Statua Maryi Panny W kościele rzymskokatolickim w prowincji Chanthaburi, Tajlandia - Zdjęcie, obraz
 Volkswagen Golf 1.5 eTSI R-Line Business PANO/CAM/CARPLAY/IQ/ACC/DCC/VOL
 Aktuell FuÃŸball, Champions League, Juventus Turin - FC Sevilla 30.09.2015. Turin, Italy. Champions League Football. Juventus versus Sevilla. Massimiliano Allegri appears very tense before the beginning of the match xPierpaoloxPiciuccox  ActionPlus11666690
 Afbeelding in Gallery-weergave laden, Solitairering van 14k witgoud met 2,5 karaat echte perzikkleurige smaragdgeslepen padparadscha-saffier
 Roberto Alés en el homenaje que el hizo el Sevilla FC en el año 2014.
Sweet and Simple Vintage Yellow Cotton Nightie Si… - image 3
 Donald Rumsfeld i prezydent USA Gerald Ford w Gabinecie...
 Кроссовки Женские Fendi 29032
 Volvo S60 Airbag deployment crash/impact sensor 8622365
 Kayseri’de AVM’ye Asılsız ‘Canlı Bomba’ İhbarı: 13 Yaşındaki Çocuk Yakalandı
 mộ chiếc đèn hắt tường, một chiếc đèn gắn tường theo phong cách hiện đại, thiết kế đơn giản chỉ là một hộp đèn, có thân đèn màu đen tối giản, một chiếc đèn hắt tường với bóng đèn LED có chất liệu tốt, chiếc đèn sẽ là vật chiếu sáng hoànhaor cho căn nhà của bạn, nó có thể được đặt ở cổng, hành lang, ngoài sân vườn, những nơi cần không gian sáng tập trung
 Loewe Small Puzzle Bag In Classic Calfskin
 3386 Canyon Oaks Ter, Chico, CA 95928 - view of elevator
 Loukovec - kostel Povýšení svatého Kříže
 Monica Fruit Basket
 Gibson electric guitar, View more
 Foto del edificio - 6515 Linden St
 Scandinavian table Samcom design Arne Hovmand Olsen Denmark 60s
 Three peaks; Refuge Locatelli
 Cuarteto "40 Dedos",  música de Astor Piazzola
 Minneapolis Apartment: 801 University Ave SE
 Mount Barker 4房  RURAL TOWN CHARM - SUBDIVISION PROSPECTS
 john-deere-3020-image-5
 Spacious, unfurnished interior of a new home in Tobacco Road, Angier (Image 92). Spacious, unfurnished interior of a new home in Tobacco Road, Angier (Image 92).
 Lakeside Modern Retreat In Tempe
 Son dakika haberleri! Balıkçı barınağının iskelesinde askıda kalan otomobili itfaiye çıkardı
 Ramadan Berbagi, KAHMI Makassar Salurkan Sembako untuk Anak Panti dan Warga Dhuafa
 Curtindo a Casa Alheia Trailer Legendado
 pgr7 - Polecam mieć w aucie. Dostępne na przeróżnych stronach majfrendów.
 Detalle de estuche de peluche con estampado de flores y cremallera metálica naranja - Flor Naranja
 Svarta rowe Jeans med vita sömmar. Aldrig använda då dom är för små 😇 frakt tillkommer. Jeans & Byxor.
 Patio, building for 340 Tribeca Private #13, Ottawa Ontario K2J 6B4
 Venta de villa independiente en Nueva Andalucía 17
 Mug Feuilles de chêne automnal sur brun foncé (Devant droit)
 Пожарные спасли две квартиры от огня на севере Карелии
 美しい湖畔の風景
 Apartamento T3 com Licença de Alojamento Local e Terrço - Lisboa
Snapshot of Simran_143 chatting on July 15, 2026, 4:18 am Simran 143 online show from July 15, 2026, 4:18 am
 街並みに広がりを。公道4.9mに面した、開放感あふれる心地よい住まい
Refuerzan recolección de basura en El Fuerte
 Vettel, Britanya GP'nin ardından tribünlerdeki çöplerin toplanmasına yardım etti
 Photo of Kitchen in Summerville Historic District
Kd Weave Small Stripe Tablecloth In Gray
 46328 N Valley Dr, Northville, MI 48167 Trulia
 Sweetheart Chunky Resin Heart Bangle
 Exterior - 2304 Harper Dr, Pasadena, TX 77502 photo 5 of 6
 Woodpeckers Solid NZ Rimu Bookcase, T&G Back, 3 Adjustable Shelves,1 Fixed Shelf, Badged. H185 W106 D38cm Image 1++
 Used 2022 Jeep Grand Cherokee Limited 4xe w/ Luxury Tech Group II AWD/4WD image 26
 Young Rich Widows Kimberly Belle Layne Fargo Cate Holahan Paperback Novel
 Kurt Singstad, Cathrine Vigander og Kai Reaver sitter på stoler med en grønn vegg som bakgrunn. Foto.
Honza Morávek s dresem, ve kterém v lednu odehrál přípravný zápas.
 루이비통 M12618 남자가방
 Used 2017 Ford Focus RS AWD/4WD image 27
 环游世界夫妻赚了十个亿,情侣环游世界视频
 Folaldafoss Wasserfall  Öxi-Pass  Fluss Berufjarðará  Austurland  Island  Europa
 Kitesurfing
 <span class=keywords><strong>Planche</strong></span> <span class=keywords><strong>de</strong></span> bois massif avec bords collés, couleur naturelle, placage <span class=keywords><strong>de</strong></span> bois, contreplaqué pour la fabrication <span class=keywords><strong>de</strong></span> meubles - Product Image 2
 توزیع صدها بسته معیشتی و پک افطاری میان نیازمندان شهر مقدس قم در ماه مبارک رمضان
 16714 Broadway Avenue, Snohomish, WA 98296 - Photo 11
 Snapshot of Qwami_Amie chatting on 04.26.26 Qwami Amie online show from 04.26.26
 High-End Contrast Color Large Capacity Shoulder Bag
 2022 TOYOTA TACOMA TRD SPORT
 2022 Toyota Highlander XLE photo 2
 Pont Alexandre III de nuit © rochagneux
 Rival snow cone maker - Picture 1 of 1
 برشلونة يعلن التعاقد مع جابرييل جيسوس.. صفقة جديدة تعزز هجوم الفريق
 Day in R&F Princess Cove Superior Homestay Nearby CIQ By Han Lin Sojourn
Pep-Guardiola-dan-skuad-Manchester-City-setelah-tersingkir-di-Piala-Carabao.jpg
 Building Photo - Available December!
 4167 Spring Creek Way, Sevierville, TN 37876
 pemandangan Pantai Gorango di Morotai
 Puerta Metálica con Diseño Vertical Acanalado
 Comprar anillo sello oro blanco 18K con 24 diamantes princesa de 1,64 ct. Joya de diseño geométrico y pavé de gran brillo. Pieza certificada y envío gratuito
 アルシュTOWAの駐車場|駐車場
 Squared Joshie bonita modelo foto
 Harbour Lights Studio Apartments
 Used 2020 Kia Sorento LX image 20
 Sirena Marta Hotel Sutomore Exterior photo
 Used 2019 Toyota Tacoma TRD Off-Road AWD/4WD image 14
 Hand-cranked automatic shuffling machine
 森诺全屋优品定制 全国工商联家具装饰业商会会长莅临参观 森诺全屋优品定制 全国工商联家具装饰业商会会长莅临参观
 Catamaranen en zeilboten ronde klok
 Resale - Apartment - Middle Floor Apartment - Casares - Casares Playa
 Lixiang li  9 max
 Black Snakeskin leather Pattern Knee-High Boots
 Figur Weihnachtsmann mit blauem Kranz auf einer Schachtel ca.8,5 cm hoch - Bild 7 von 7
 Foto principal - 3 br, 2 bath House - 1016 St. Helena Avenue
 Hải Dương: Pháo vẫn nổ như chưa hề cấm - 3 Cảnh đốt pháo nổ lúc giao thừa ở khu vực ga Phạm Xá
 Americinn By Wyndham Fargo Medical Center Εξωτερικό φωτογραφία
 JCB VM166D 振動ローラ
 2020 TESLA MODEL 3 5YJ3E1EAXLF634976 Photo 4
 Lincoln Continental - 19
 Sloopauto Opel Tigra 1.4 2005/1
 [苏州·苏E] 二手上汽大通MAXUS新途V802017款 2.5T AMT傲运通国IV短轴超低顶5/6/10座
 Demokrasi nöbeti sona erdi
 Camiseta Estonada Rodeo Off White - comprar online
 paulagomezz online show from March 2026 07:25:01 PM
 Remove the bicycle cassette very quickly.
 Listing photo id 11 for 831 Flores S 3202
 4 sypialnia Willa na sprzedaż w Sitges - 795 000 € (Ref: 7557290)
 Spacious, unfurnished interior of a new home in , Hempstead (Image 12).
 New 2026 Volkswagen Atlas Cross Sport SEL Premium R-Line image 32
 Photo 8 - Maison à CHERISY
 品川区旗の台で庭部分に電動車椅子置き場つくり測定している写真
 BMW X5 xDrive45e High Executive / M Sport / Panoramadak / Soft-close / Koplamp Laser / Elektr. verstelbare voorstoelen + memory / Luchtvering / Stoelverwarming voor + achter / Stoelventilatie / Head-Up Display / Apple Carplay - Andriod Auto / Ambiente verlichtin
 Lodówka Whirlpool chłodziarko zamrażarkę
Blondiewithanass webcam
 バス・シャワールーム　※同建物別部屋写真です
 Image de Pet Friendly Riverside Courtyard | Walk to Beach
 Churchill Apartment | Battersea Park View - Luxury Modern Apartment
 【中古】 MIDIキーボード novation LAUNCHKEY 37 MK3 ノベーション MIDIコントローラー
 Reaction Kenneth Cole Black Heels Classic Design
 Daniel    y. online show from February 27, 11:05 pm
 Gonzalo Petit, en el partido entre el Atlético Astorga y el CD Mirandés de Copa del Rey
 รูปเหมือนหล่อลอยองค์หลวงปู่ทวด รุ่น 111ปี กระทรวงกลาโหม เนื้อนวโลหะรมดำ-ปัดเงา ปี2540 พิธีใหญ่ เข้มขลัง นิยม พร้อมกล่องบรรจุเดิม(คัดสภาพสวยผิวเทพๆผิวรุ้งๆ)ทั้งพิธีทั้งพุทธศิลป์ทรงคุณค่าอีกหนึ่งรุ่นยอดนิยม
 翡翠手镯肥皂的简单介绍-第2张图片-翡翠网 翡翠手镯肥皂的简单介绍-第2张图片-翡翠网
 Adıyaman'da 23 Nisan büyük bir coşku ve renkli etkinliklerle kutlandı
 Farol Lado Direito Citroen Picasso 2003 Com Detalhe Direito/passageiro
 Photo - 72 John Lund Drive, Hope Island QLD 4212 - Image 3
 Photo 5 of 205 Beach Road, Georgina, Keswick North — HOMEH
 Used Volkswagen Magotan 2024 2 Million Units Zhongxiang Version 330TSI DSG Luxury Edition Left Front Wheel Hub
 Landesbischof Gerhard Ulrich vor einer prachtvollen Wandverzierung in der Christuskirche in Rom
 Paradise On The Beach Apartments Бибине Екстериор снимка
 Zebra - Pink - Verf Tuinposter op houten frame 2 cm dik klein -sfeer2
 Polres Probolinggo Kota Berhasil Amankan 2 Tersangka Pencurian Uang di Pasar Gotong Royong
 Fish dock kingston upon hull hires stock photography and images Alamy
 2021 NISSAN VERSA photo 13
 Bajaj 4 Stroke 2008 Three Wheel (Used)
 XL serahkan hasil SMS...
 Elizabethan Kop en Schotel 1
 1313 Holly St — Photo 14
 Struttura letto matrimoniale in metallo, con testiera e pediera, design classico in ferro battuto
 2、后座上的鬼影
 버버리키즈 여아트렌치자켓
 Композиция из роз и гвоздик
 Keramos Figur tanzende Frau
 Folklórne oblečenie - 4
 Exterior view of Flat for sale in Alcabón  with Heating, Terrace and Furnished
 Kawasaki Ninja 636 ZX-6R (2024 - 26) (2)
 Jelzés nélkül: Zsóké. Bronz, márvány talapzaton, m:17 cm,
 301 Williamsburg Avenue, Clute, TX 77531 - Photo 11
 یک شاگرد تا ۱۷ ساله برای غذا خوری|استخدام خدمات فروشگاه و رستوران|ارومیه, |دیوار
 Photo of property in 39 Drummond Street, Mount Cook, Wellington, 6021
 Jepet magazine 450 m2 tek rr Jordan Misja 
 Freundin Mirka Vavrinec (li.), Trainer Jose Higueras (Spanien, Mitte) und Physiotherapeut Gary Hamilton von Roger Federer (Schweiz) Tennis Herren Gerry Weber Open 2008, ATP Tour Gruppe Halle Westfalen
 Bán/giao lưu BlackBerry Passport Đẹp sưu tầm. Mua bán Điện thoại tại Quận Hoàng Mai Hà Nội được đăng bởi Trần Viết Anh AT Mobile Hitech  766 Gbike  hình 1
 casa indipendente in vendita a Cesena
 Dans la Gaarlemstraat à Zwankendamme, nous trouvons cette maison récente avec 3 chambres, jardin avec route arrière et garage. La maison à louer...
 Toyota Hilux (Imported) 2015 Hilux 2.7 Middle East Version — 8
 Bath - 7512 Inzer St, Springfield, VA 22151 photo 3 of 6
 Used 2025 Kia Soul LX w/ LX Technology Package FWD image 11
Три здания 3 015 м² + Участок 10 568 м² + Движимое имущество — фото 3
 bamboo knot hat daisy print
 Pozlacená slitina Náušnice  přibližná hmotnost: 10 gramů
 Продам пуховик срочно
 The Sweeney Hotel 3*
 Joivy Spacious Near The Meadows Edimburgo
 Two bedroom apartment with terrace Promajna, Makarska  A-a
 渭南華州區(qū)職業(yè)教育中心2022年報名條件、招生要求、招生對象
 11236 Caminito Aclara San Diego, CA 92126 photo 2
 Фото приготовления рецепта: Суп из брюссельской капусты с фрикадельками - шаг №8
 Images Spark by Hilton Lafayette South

* ACTION ITEM
How many of the lines above include the word "Avenue"? Give that number without comment.

* RESULT FOR THIS TASK
3